A witty, opinionated examination of the changing game of whist, arguing that modern conventions and rigid rules have displaced earlier judgment and skill. The author traces the game's rise and decline, lampooning innovations such as signal systems like the peter and echo, artificial discard rules, particular leads, and other prescriptive devices, and analyzes how these affect play. Interleaved are illustrative hands, mathematical asides, and practical advice defending older principles of card play. The work combines satire and technical commentary to advocate a return to flexible, reasoned play rather than mechanical conventions.

SOME PILLARS OF THE EDIFICE.

PILLAR NO. 1.—THE PHILOSOPHY OF WHIST.

In case the ipse dixit of Cavendish in The Field, or “the preface,” should fail to convince, we have also had the sacred name of Philosophy dragged in to countenance these proceedings.

Ever since there has been any record of philosophers, their schools appear to have been about as numerous as themselves. Plato for his own share had five different sets of followers.

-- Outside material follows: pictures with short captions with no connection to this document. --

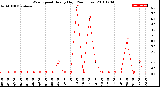 Milwaukee Weather Wind Speed<br>Hourly High<br>(24 Hours)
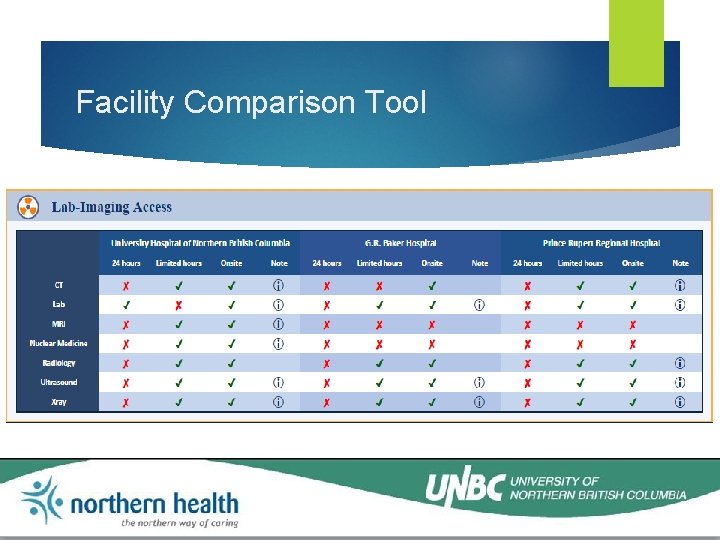 Facility Comparison Tool 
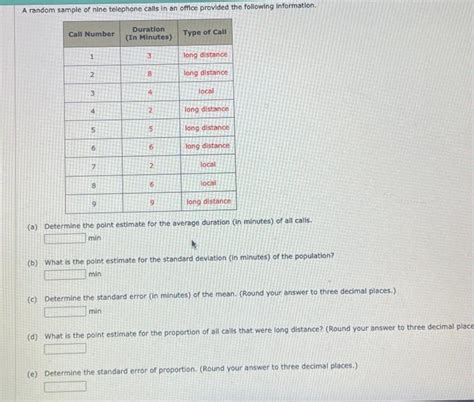 Image result for Point Estimate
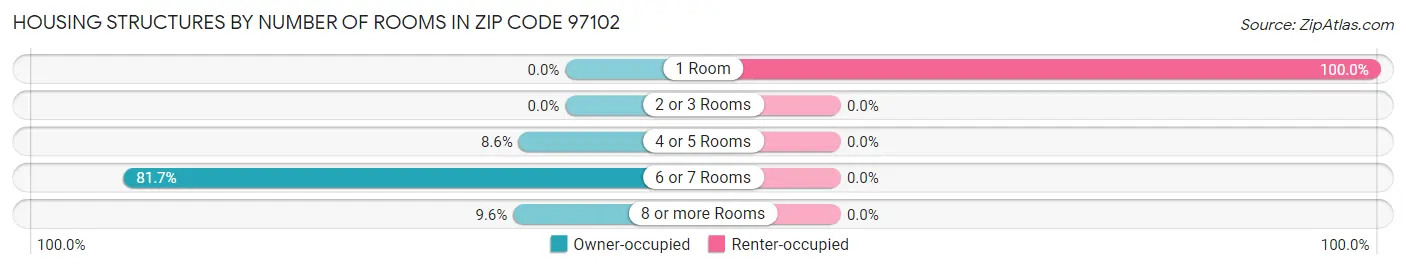 Housing Structures by Number of Rooms in Zip Code 97102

All the systems contradicted each other, and the disciples of each master usually held different views as to his tenets; as this has continued down to our own day, for the dogmatic philosopher who recently died in Chelsea spent more than half a century in contradicting himself, while two of the most prominent disciples of Comte are fighting tooth and nail at this very moment, when we hear of the philosophy of Whist, the enquiry naturally arises, which philosophy? The Whist philosophy of Cam, propounded day by day, was, that there is no absolute never or always. The same idea runs through the entire treatise of Clay; and if there is one point more especially distinctive than another in the teaching of that great master, repeated again and again, and constantly insisted upon, it is that all the maxims of Whist are open to innumerable exceptions, that the coat must be cut according to the cloth, and that he is the finest Whist-player who can most readily grasp that fact. (Here I may remark, in a parenthesis, that though the late Mr. Clay eventually gave a qualified assent to the penultimate lead and the forced discard, it has yet to be shown that he assented to either the one or the other, in its present uncompromising and preposterous form, a form which is utterly repugnant to his every public utterance).

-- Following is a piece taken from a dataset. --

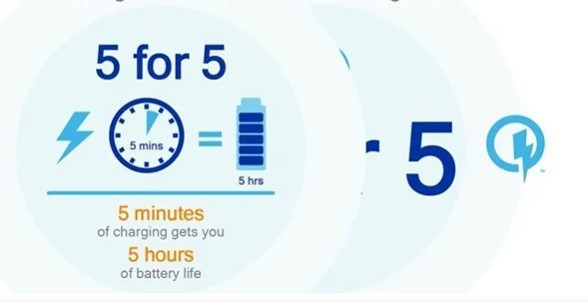 Chỉ mất 5 phút sạc cho 5 giờ sử dụng. Ảnh:Samsungnews.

This is considerably opposed to the fearful and wonderful philosophy of Dr. Pole, the basis of which appears to be that it is always imperative to lead your longest suit, which he naively admits to be a losing game. It is unfortunate that his lines are drawn in a commercial age, for if he had only lived in the time of Don Quixote he might have taken high rank.

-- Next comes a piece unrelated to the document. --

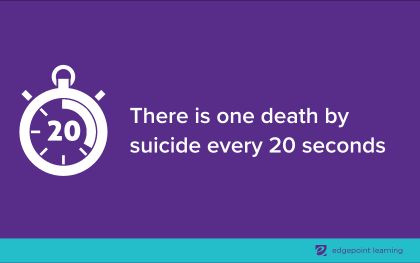 There is one death by suicide every 20 seconds.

To ignore the teaching of a long line of illustrious dead, to set precedent at defiance, and deliberately to go out of your way in order to lose, is an extension of the old stoical principle, “under all circumstances to keep your temper,” in the very best latter-day manner; but reasonably doubtful as to the success of such an appeal if left to stand upon its own bottom, he invokes elementary algebra to his aid. Now elementary algebra is not devoid of good points; by its means we learn that a man may—either in time or in eternity—hold 635,013,559,600 different whist-hands. Moreover, every hand, he will have an entirely different purpose; sometimes to win the game; sometimes to save it, and with that end in view, will lay himself out to make tricks varying from three to eleven—below and above that number, since the invention of short Whist, he has no need to trouble himself—and the moral most people would draw, would be that in that portentous number of hands, some of them would require very different treatment from others; the philosopher of Whist, however, thinks not, but would fit all those six hundred and thirty-five thousand odd millions of hands into the same Procrustes’ bed, and would always lead the longest suit. Again, Whist is an art; if in any sense a science, it is certainly not an exact science, and the application of algebra to art is somewhat limited. There are far too many unknown quantities in the equation.

Take our old friend king and another in the second hand; Permutations and Combinations will inform us sooner or later—I should imagine later, for to my certain knowledge, a series of four thousand two hundred and nineteen is not enough—as to the number of times we shall make it or lose it, whether we play it, or do not play it; but they will give us no clue as to the extent of damage we may receive when it is played and taken by the third hand, or as to the loss we incur when the ace is in the fourth hand, by importing uncertainty into the game. When we do not put it on and lose it, we may—or may not—lose one trick; when we put it on and lose it, we may lose any number. The whole system of the newly suggested play of the first and second hand is undermined by the fundamentally false assumption that the lead is always from a long suit; that everybody, irrespective of the score, has merely to ascertain which is his longest suit, and then to take immediate steps to put the table in possession of its exact length is so transparently simple, that such extreme simplicity in a game of skill is enough of itself to arouse the gravest suspicion.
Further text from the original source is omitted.